Best way to handle list.index(might-not-exist) in python?

Draemon picture Draemon · Jan 25, 2010 · Viewed 101.8k times · Source

I have code which looks something like this:

thing_index = thing_list.index(thing)
otherfunction(thing_list, thing_index)

ok so that's simplified but you get the idea. Now thing might not actually be in the list, in which case I want to pass -1 as thing_index. In other languages this is what you'd expect index() to return if it couldn't find the element. In fact it throws a ValueError.

I could do this:

try:
    thing_index = thing_list.index(thing)
except ValueError:
    thing_index = -1
otherfunction(thing_list, thing_index)

But this feels dirty, plus I don't know if ValueError could be raised for some other reason. I came up with the following solution based on generator functions, but it seems a little complex:

thing_index = ( [(i for i in xrange(len(thing_list)) if thing_list[i]==thing)] or [-1] )[0]

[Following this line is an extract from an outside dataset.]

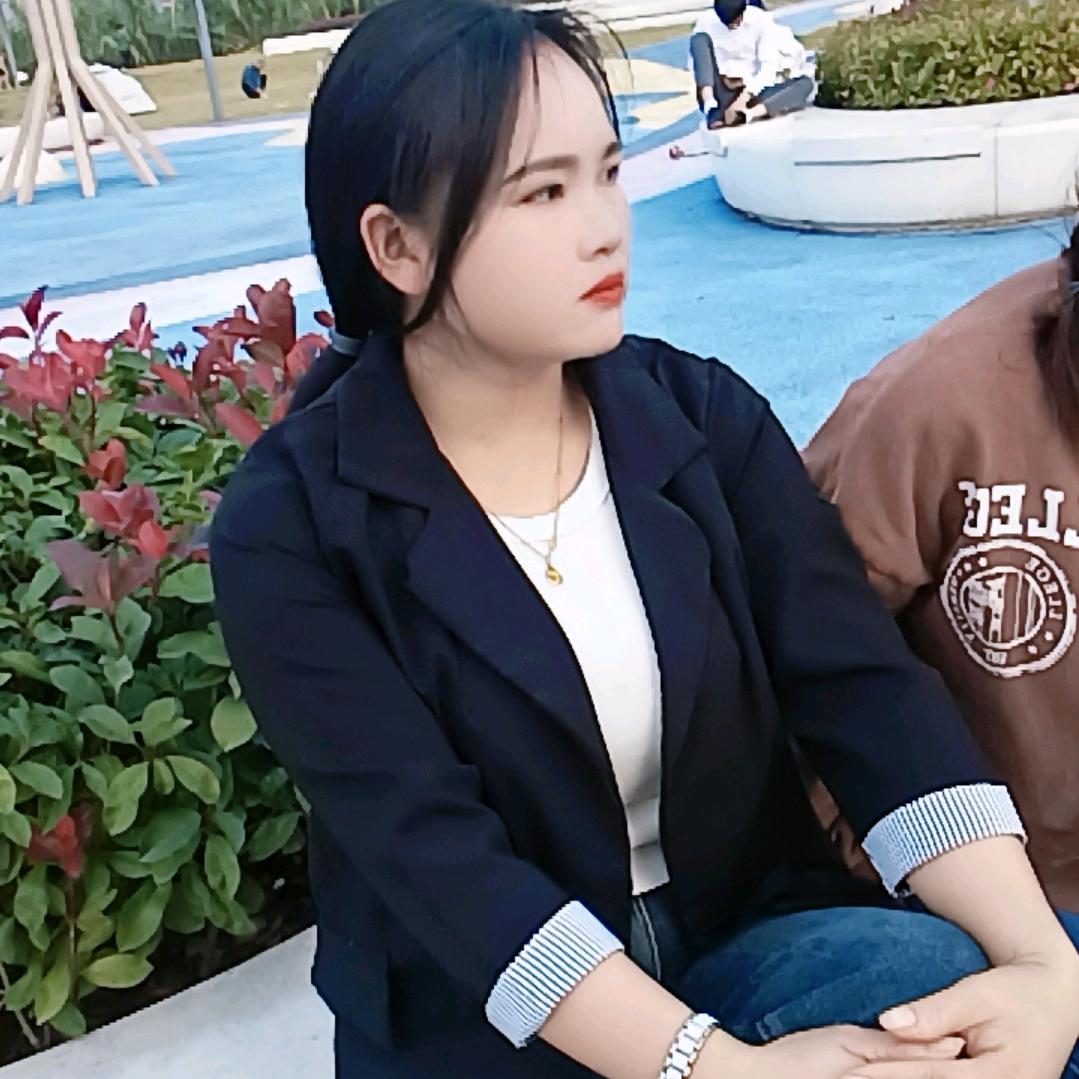 杨姐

Is there a cleaner way to achieve the same thing? Let's assume the list isn't sorted.

Answer

SilentGhost picture SilentGhost · Jan 25, 2010

There is nothing "dirty" about using try-except clause. This is the pythonic way. ValueError will be raised by the .index method only, because it's the only code you have there!

To answer the comment:
In Python, easier to ask forgiveness than to get permission philosophy is well established, and no index will not raise this type of error for any other issues. Not that I can think of any.